START Material supplied
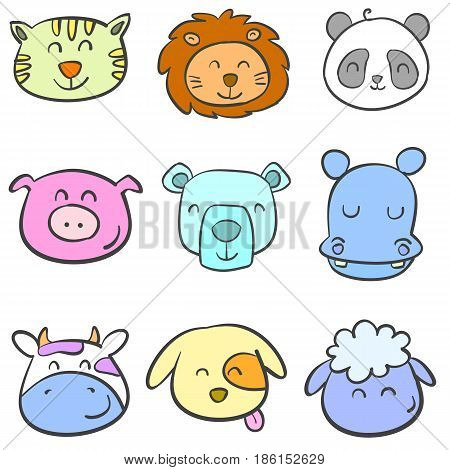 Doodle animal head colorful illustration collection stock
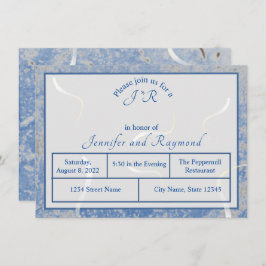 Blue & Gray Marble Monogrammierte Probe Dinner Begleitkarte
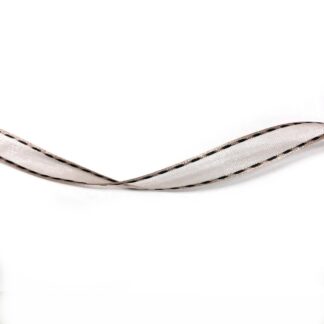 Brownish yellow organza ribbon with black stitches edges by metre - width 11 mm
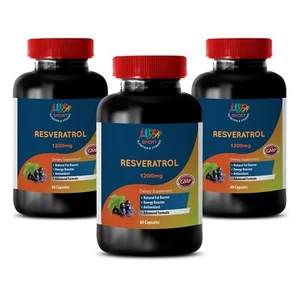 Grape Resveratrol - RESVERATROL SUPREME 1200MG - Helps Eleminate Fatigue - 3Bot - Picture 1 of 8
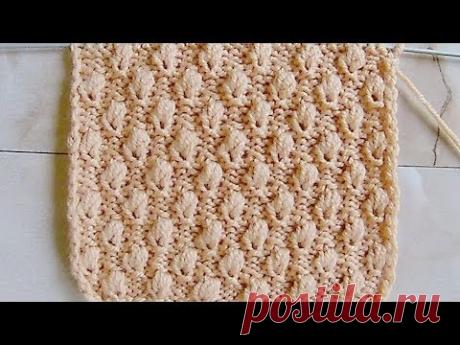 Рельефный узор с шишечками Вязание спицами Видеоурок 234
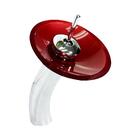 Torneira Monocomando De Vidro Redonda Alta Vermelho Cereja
END Material supplied
START Material supplied
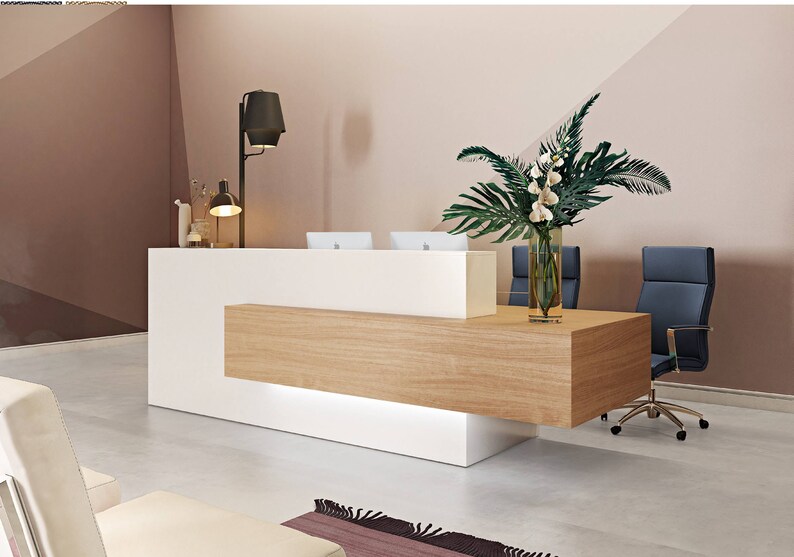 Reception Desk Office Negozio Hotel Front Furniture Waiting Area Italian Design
END Material supplied
START Material supplied
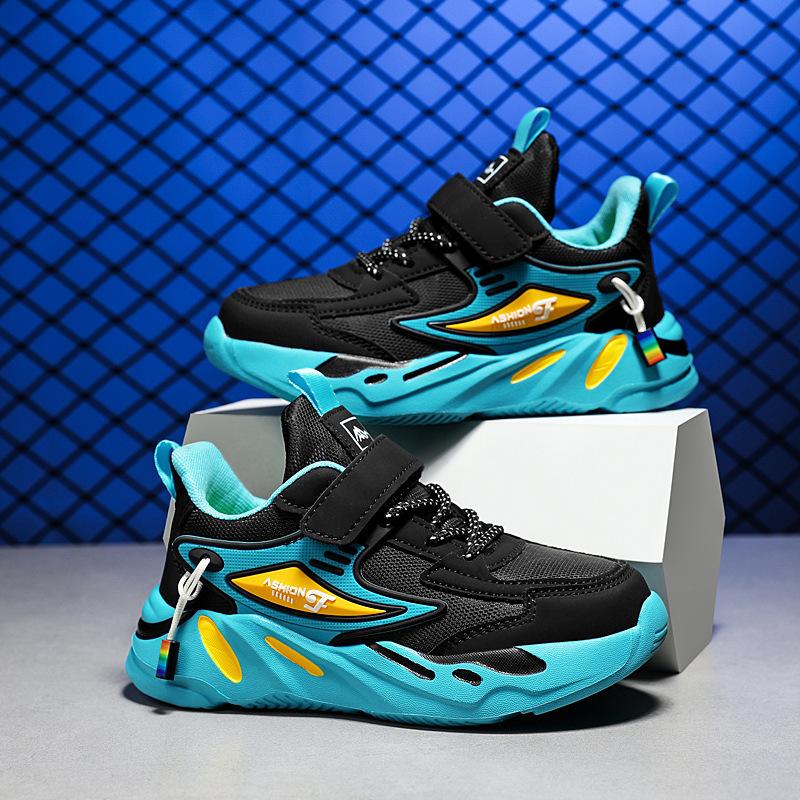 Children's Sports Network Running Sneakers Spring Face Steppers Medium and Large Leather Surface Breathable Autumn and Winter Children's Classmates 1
END Material supplied
- **Work to complete**
Every line from the one with "Рельефный узор с" through the one with "Torneira Monocomando De" is to be reproduced exactly as written above, and the pictures are to be dropped.

- **Solved exercise**
 Рельефный узор с шишечками Вязание спицами Видеоурок 234
 Torneira Monocomando De Vidro Redonda Alta Vermelho Cereja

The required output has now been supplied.